Web page caption snippets:
>>
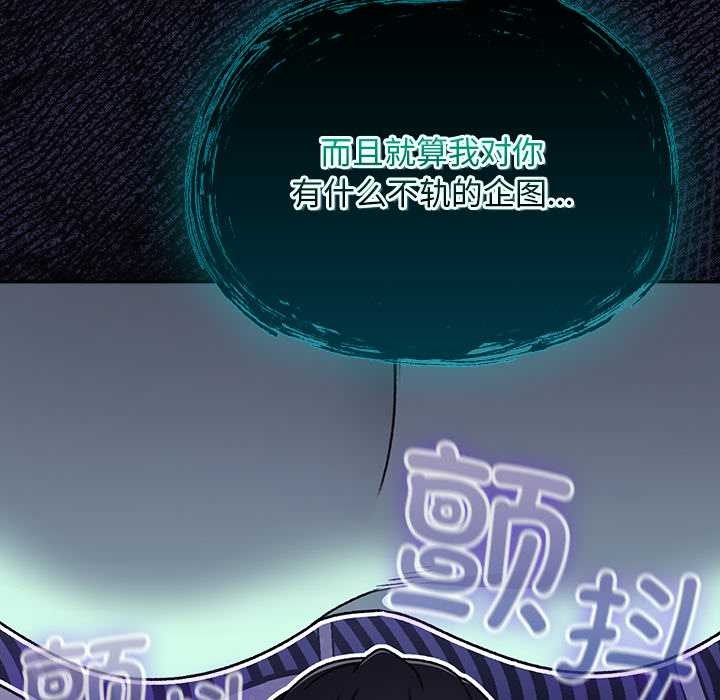 《男人稀缺的異世界》漫画 第17話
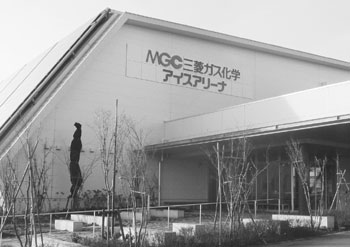 写真　既にネーミングライツ制度を導入している新潟市アイスアリーナ。愛称は「MGC三菱ガス化学アイスアリーナ」
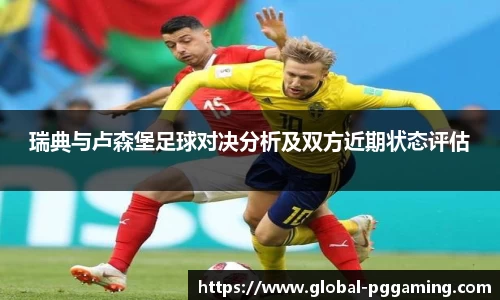 瑞典与卢森堡足球对决分析及双方近期状态评估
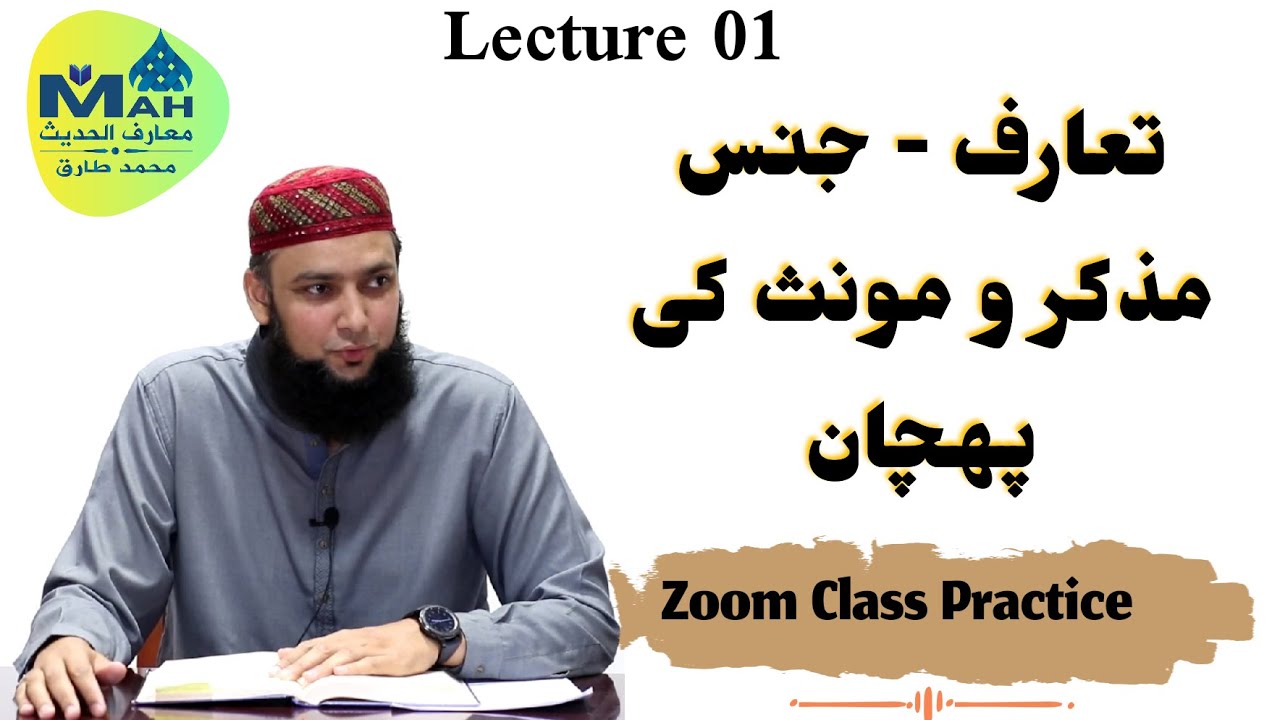Lecture 01 | Introduction to Arabic Language & Gender | Arabic Grammar Basics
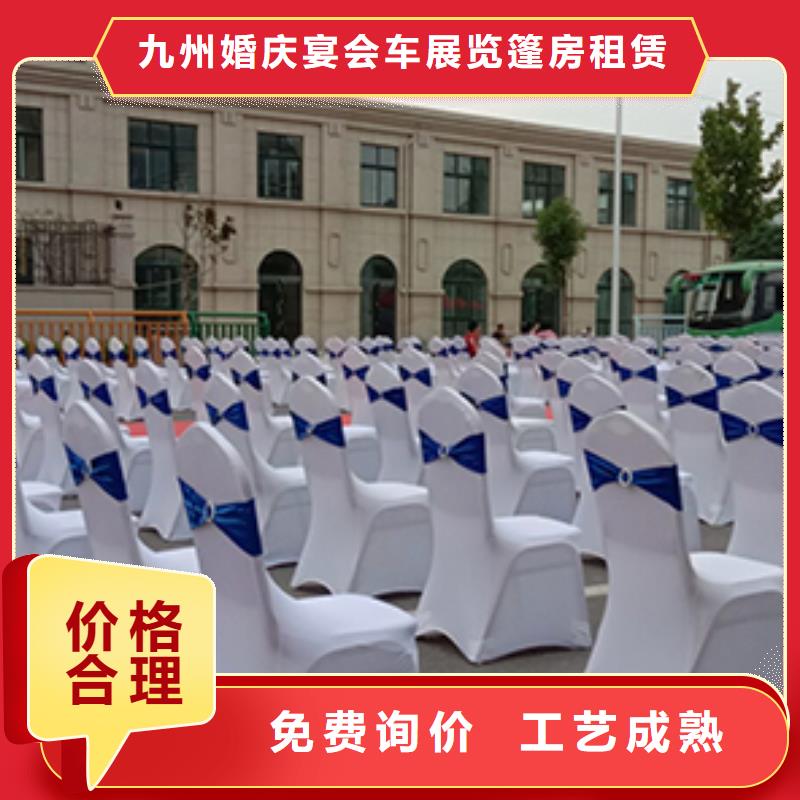 沙发租赁篷房出租品质保证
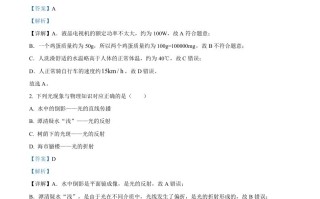 2023年江苏省扬州市中考物理试题-【免费下载-高清无水印】【中考真题电子版可打印】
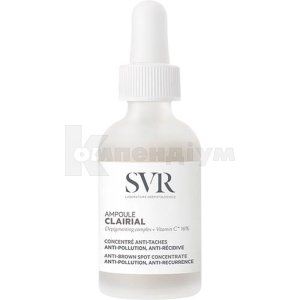 SVR кларіаль концентрат проти пігментних плям (SVR clairial ampoule anti-brown spot concentrate)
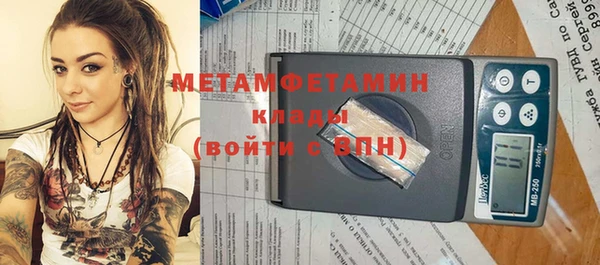 кокаин премиум Заволжье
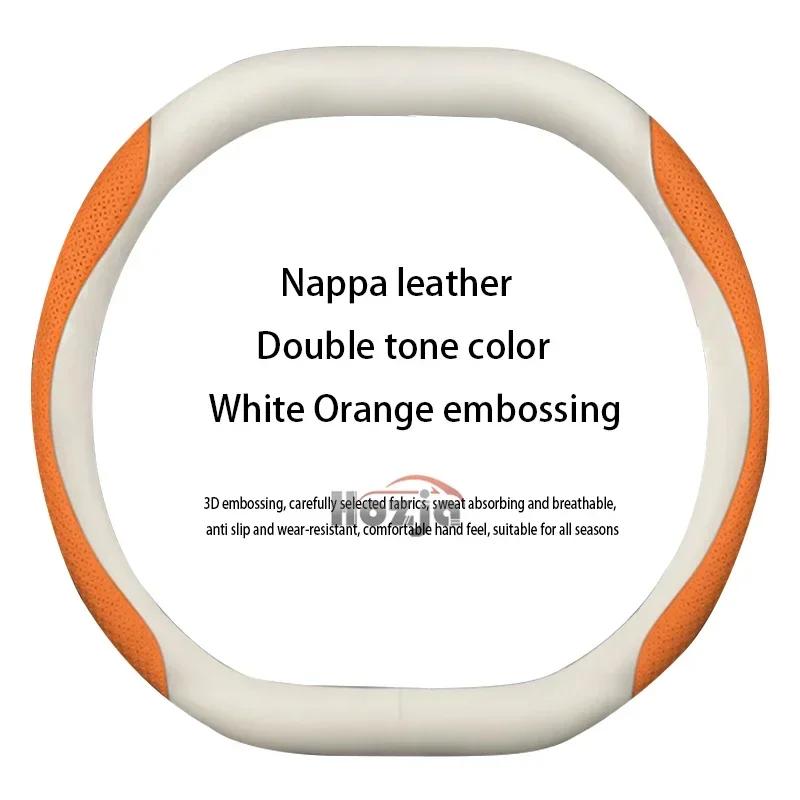Leather Car Steering Wheel Cover for Citroen C3 Aircross 2025 Non-slip Car-styling Auto Accessories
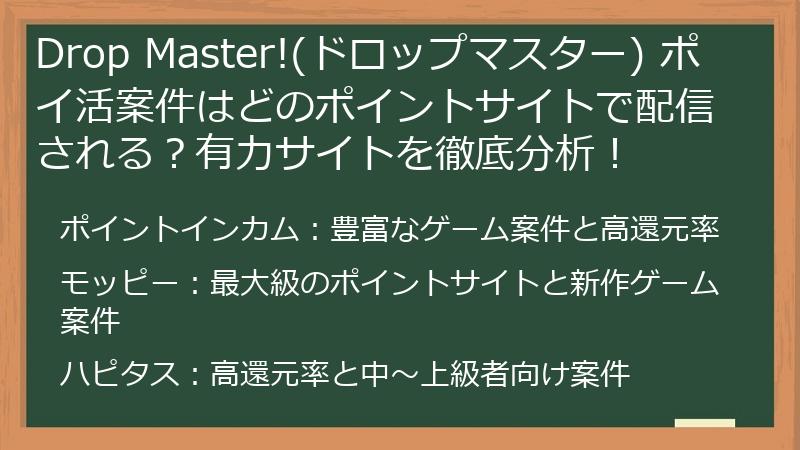 Drop Master!(ドロップマスター) ポイ活案件はどのポイントサイトで配信される？有力サイトを徹底分析！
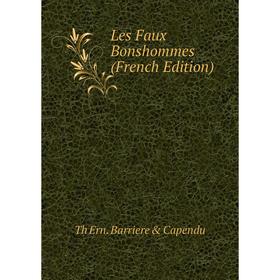 

Книга Les Faux Bonshommes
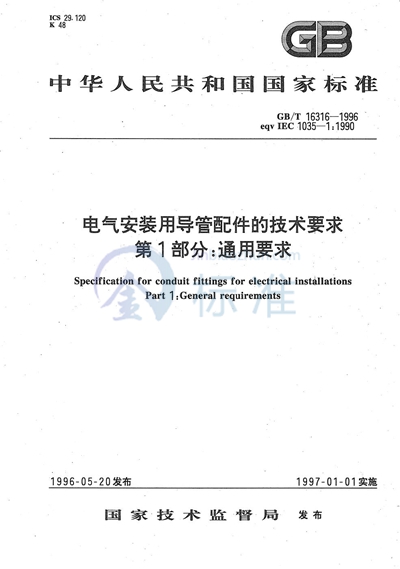 GB/T 16316-1996 电气安装用导管配件的技术要求  第1部分:通用要求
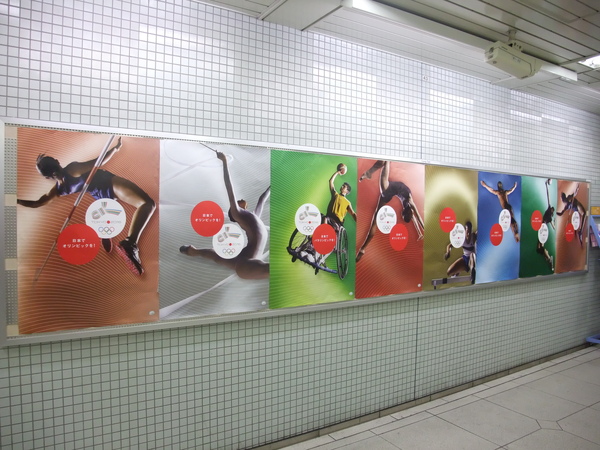 TOKYO70178.JPG TOKYO70178.JPG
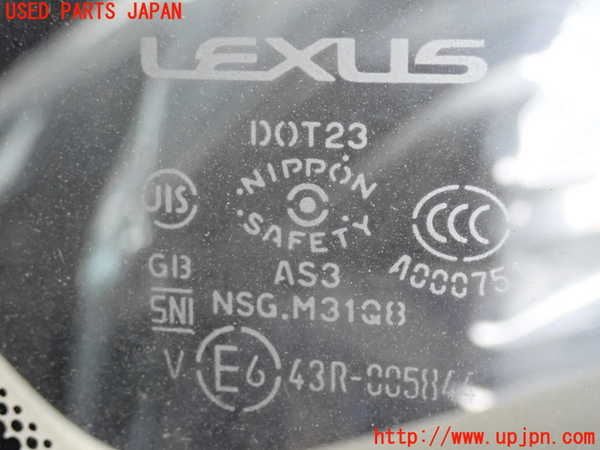 2UPJ-9226991382]レクサス・NX200t(AGZ15)左クォーターガラス 中古(43R-005844 M31Q8)_2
<<
AIM OF THE EXERCISE: An exact transcription is needed, covering the line with "TOKYO70178.JPG TOKYO70178.JPG" and every line after it to the end of the entries, but not the pictures.

COMPLETED EXERCISE:
 TOKYO70178.JPG TOKYO70178.JPG
 2UPJ-9226991382]レクサス・NX200t(AGZ15)左クォーターガラス 中古(43R-005844 M31Q8)_2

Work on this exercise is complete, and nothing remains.